A suscitare gran clamore e numerose proteste tra la popolazione giordana è stata la firma nel novembre 2022, sullo sfondo del Cop 27 a Sharm el-Sheik, di una dichiarazione di intenti tra Giordania e Israele per tutelare il fiume Giordano. Una dichiarazione di intenti con un vicino, Israele, con cui per i giordani ( soprattutto quelli di origine palestinese), è impensabile poter trattare. In base a questo accordo, in cambio di circa 200 milioni di metri cubi di acqua desalinizzata, la Giordania fornirà energia solare.

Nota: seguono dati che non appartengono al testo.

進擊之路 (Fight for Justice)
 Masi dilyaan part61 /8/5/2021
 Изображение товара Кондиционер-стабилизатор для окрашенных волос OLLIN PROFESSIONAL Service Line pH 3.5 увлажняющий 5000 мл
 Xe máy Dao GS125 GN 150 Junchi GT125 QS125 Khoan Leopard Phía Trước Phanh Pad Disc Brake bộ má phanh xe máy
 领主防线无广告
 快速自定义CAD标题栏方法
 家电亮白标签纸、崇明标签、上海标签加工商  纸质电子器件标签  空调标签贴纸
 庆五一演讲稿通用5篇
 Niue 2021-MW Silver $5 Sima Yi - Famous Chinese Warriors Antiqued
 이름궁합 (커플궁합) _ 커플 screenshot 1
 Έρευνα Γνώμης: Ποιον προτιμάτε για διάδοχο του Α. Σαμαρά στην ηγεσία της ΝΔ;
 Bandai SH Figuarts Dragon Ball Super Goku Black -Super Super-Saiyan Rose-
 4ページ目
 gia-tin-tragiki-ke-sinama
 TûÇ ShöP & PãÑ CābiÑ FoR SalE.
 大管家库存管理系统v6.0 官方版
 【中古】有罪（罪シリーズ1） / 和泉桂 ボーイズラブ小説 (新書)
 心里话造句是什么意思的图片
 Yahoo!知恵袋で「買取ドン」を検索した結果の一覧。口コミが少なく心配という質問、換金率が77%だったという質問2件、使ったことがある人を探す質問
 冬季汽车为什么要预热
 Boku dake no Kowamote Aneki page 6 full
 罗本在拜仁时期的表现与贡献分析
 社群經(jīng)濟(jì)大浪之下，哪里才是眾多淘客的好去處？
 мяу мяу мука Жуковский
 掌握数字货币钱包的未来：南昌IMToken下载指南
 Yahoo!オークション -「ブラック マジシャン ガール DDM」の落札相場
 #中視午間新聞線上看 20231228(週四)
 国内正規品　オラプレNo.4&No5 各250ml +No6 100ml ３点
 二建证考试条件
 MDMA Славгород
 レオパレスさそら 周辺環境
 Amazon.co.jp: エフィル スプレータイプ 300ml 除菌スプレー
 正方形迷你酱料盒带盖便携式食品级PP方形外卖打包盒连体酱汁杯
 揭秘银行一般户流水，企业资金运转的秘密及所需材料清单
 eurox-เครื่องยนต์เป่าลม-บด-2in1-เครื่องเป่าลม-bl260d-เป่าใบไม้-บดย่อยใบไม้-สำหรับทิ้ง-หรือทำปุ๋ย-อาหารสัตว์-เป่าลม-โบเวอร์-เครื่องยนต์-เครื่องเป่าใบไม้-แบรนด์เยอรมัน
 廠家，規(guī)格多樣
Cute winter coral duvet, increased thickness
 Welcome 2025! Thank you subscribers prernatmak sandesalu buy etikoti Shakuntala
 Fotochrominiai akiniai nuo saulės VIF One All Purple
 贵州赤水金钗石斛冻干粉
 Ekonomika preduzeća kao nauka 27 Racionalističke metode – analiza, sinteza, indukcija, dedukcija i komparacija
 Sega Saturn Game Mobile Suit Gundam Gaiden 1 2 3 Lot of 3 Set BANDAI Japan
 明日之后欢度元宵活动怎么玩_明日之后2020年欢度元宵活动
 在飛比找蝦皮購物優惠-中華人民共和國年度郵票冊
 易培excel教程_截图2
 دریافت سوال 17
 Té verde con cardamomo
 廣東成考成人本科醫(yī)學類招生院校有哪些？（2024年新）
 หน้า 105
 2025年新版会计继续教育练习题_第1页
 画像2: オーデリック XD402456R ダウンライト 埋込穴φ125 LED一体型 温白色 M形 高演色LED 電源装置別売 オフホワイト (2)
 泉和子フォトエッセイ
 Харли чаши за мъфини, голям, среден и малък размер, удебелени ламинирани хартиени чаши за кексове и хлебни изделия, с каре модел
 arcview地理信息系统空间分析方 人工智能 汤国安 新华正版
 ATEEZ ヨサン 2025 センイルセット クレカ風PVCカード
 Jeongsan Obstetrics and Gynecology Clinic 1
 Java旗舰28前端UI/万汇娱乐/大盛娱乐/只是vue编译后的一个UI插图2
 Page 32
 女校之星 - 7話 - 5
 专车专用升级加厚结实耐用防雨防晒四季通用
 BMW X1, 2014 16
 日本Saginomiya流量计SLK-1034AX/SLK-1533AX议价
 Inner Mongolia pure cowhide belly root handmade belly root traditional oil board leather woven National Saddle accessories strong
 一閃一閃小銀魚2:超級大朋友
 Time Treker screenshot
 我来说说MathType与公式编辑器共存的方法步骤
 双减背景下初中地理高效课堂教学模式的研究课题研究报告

Se da un lato può sembrare un ottimo punto di partenza per avviare una collaborazione seria e lungimirante nella gestione dell’acqua, dall’altro non si fa che perpetuare una politica che punta alla dipendenza dal vicino e mai alla completa autosufficienza. La Giordania infatti importa circa il 94% del suo fabbisogno energetico e ha come principali fornitori  l’Iraq, l’Arabia Saudita e l’Egitto.

Sullo sfondo di questo disastro climatico, e non solo, si colloca la questione dei rifugiati, spesso additati come i responsabili di questa carenza di risorse. Soprattutto dopo il conflitto in Siria, tra l’opinione pubblica si è fatta avanti la questione del ‘costo dei rifugiati’, strumentalizzata allo scopo di oscurare le cause alla base di questa emergenza.

Sfortunatamente la scarsità idrica, conseguenza di molteplici fattori- tra cui l’assenza di tempestive risposte ai problemi ambientali ed economici e lo sfruttamento del suolo – fa parte di una lista di emergenze già molto lunga, la quale da decenni affligge la Giordania e costringe la sua popolazione a sopportare servizi carenti e a veder ridotta la propria qualità di vita.